Senjata berat (SMB) alutsista Kodam VI/Tanjungpura.
10 Juni 2009, Jakarta -- Dewan Perwakilan Daerah pemilihan Kaltim akan mengusulkan pembentukan panitia khusus (Pansus) untuk menuntaskan sengketa Ambalat antara Indonesia dengan Malaysia. DPD juga akan mengajukan beberapa saran non konfrontasi, di antaranya penempatan dan pemberian fasilitas khusus bagi warga di pulau terpencil di perbatasan. Termasuk pula, memperkuat dukungan persenjataan dan logistik bagi personel Kodam VI/Tanjungpura, terutama yang bertugas di perbatasan.
Rencana ini mengemuka pada rapat tertutup antara anggota DPD Kaltim dengan Ketua DPD Ginandjar Kartasasmita dan Wakil Ketua DPD La Ode Ida, Selasa (9/6).
"Besok (hari ini, Red.) kita lapor ke paripurna DPD, nanti akan ditanggapi langsung dengan pembentukan pansus Ambalat dan perbatasan," kata Luther Kombong, selaku juru bicara pertemuan. Sebenarnya, lanjut dia, paripurna hari ini membahas laporan keuangan dari Badan Pemeriksa Keuangan, tapi karena Ambalat dinilai menjadi masalah krusial, pimpinan DPD meminta wakil Kaltim agar menyiapkan hasil laporan lapangan, sekaligus usulan solusi yang mungkin bisa segera diterapkan.
Dari hasil pengamatan langsung dan laporan lapangan, empat anggota DPD asal Kaltim menyimpulkan, penguatan ekonomi dan sosial masyarakat bisa menjadi kekuatan alami untuk melawan upaya pengambilalihan wilayah RI oleh Malaysia. Selain menyebar penduduk di pulau terpencil, khusus Kabupaten Nunukan di mana Ambalat berlokasi, DPD akan menyarankan pemerintah supaya memberi pinjaman modal pembelian kapal nelayan semi modern. Fungsi kapal ini bukan hanya untuk mencari ikan, tapi juga mengawasi pergerakan kapal patroli Malaysia yang masuk wilayah Indonesia.
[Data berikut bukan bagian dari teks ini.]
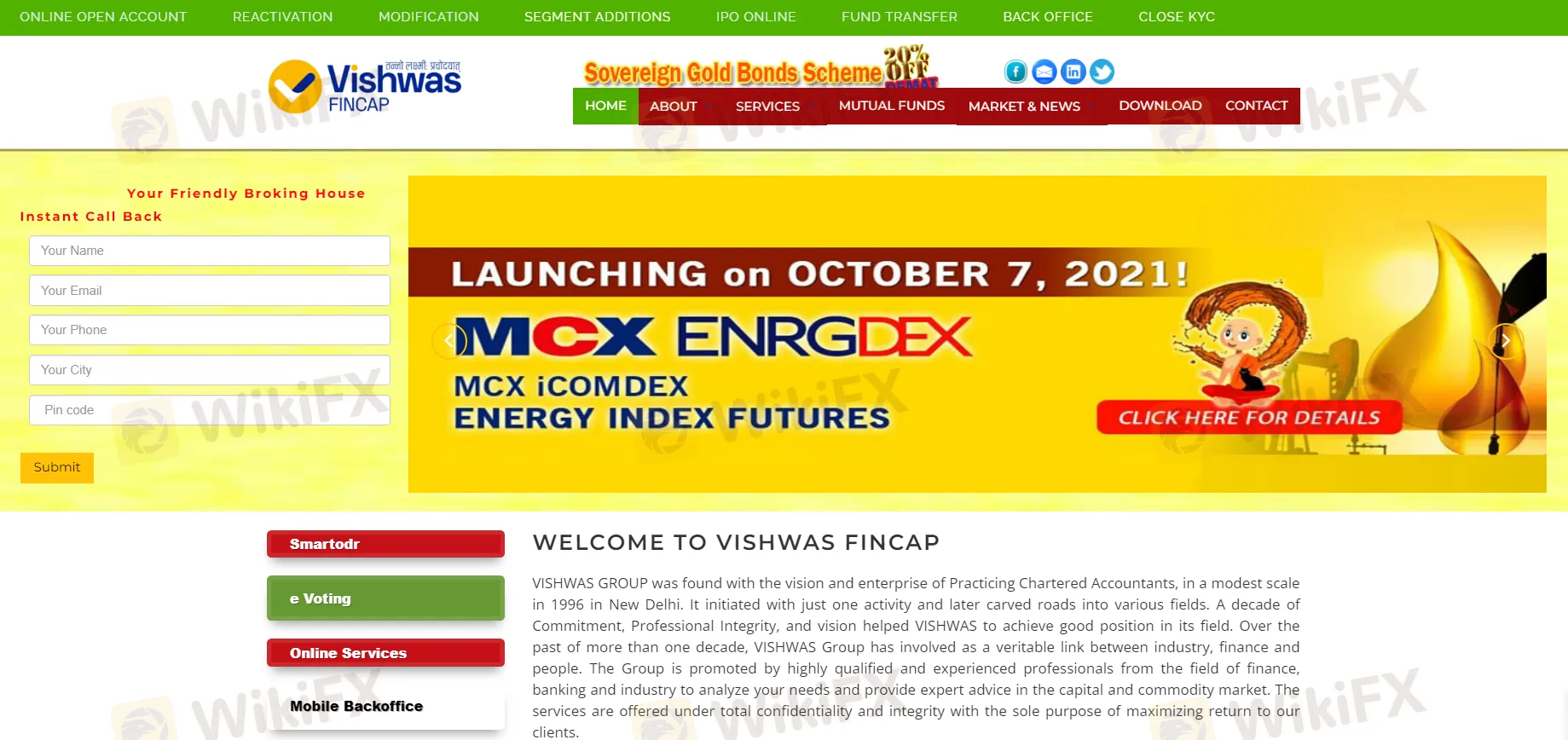 Overview of Vishwas Fincap Overview of Vishwas Fincap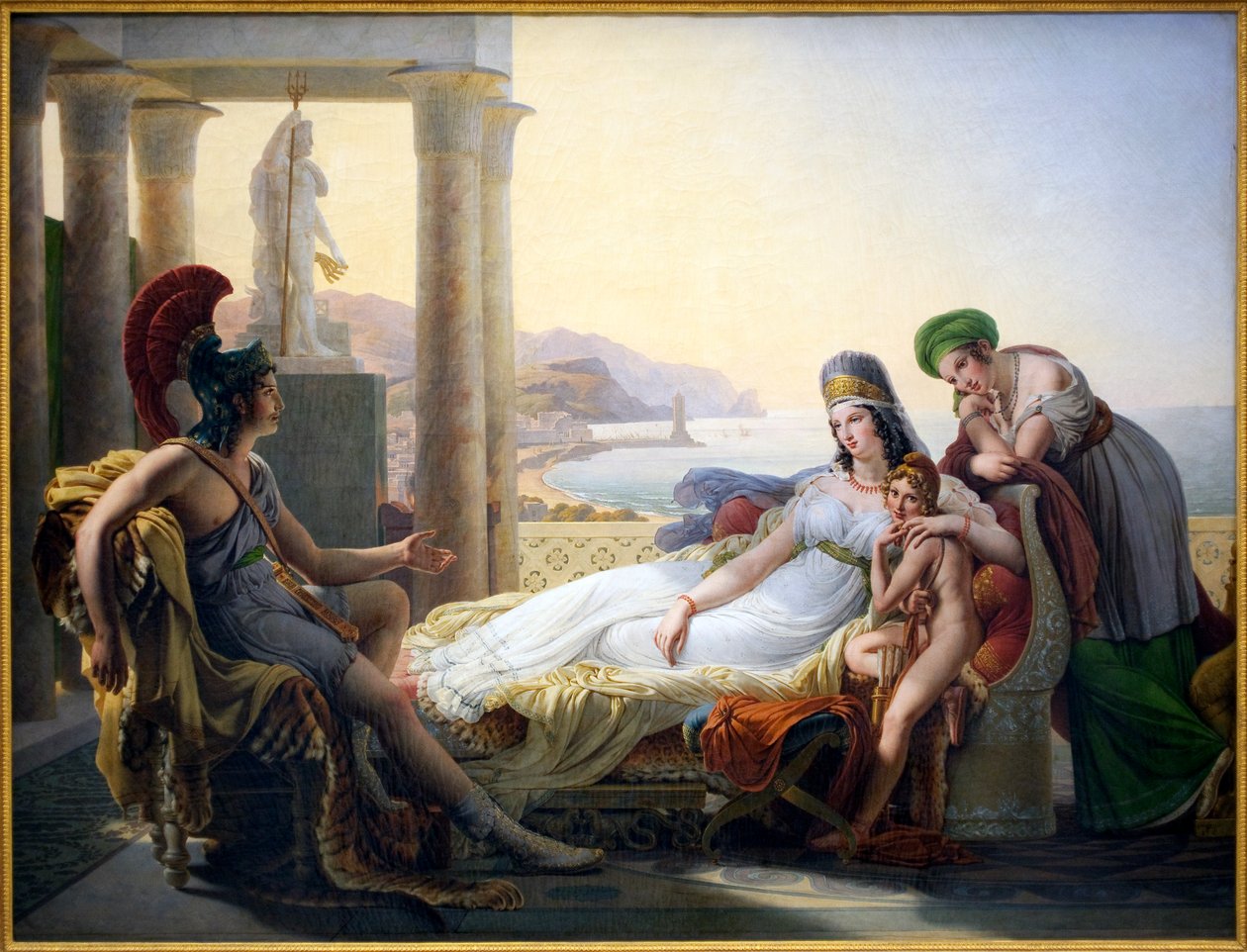 Aeneas vyprávějící Dido neštěstí Tróje, 1819 od Baron Pierre Narcisse Guerin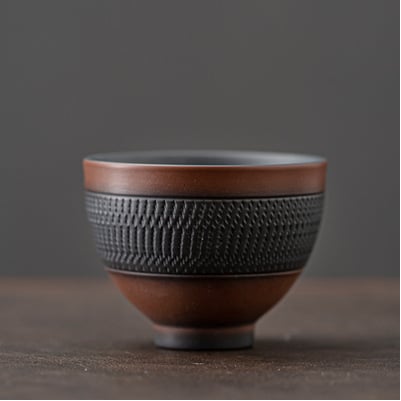 Ceșuță de ceai din ceramică mov, lucrată manual – ceașcă mare de maestru, set Kung Fu pentru ceai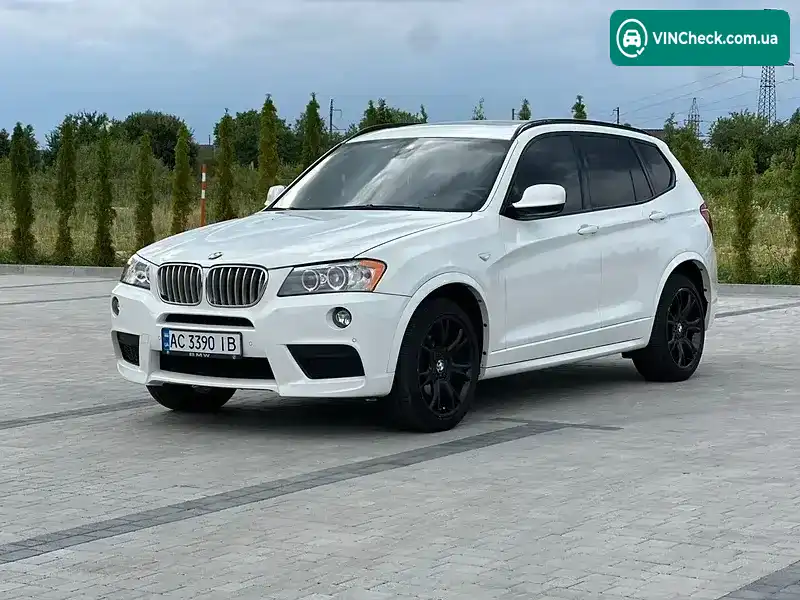 BMW X3 2013, фото з оголошення 2 з 20, VIN 5UXWX9C5XE0D18492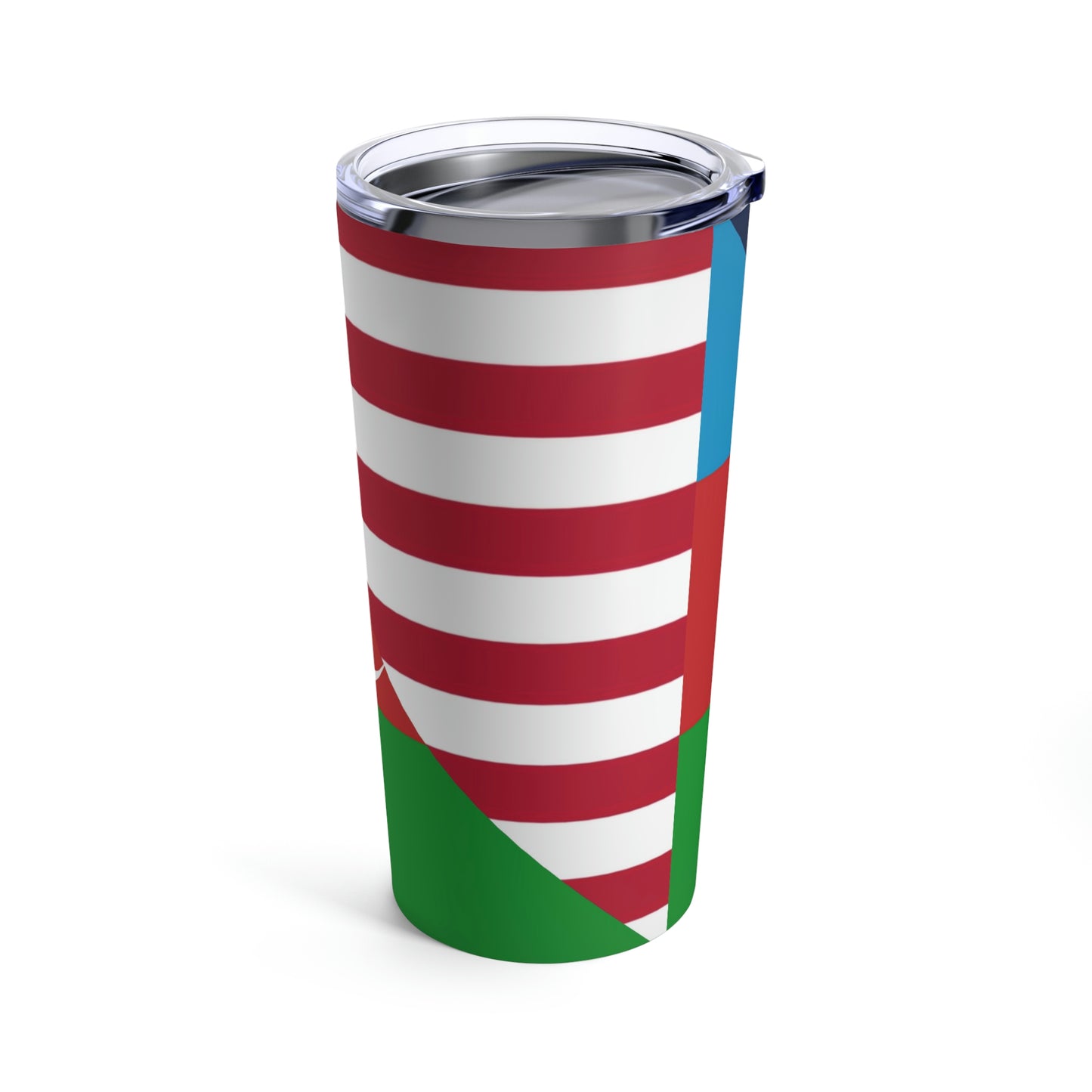 Azerbaijan American Flag USA Tumbler 20oz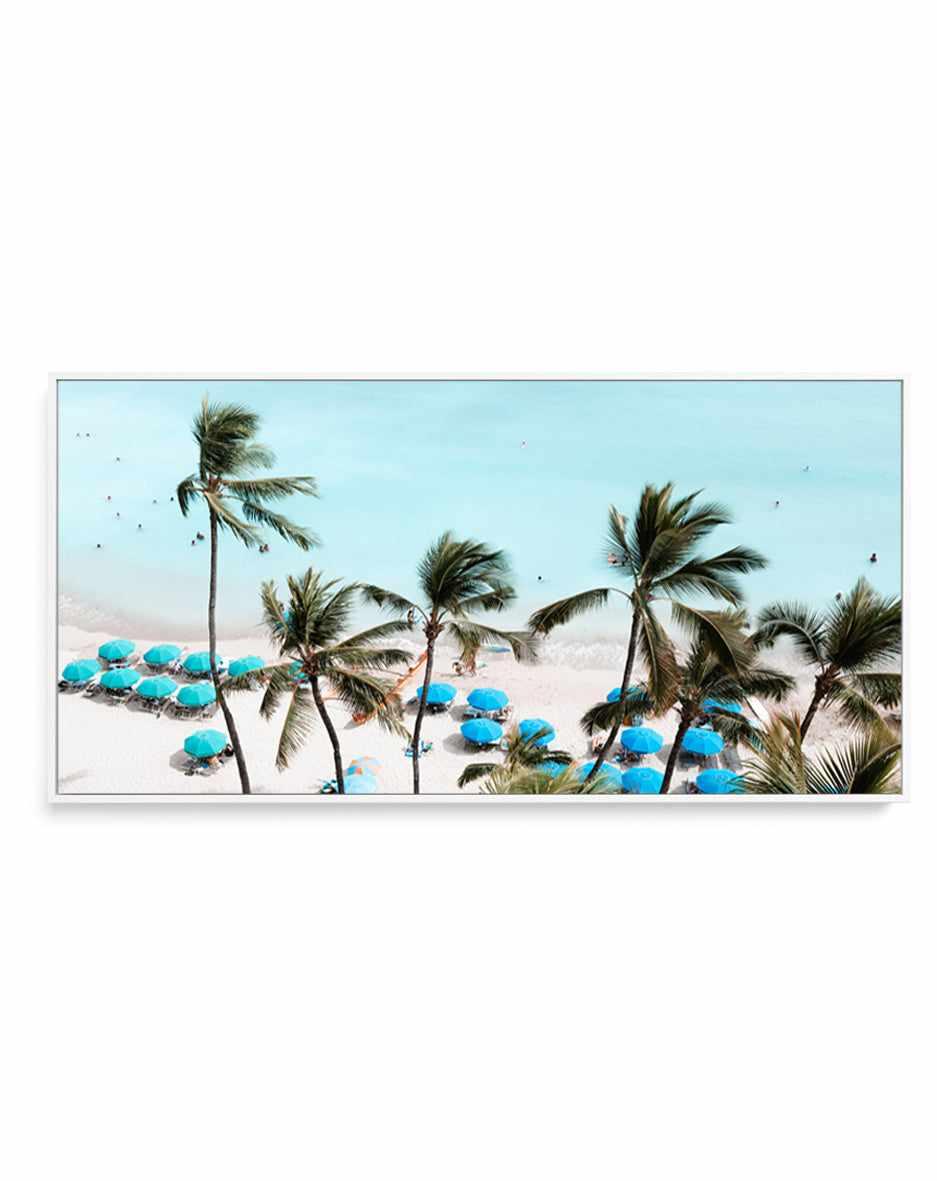 Waikiki Beach Days I | Panoramic Canvas Art Print from Olive et Oriel where you can shop wallpaper and artworks online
Cara lain, meminimalisasi ketergantungan masyarakat perbatasan seperti Sebatik dan Kerayan terhadap produk negeri jiran. Luther mengakui, cara terakhir paling sulit dilakukan karena harus mengubah cara hidup masyarakat. "Tapi kalau pemerintah punya niat baik dengan memperluas bandara di salah satu daerah itu, ketergantungan bakal terkikis," ucapnya.
Fakta yang ada saat ini, tambah dia, masyarakat Sebatik dan Kerayan seperti mendukung perekonomian Malaysia. "Ya karena kemahalan kalau beli di Indonesia. Masa harga semen satu zak aja lima ratus ribu," ucap Luther.
Setelah melihat langsung fakta seperti itu, Luther berani mengatakan bahwa selama ini terus berlangsung penjajahan ekonomi di kedua daerah tersebut. Dia berharap, pemerintah daerah berani mengusulkan berbagai proyek peningkatan kesejahteraan masyarakat perbatasan pada pemerintah pusat lewat provinsi. "Masyarakat Tawao itu ekonominya bisa hidup karena kita. Masa kita mau mengalah untuk Ambalat," sambungnya.
Diakuinya, urusan luar negeri adalah domain pemerintah pusat dalam hal ini departemen luar negeri. Tapi karena Ambalat terus dipanas-panasi oleh Malaysia --lewat pelanggaran dengan kapal perang Malaysia masuk puluhan kali ke perairan Indonesia-- sudah seharusnya masyarakat perbatasan dilibatkan lagi. Sementara pemerintah daerah setempat, seharusnya terus mendesak pemerintah pusat agar serius membangun perbatasan. Bila tak kunjung dipenuhi, dikhawatirkan permasalahan Ambalat akan terus mencuat, sekaligus Malaysia berhasil memainkan emosi Indonesia.
Bukan tak mungkin, paripurna nantinya mengusulkan menggelar rapat kerja dengan Panglima TNI, Bappenas, dan Departemen Luar Negeri. Dengan begitu, permasalahan Ambalat bisa dicarikan solusi menyeluruh baik secara sosial ekonomi maupun pertahanan dan keamanan.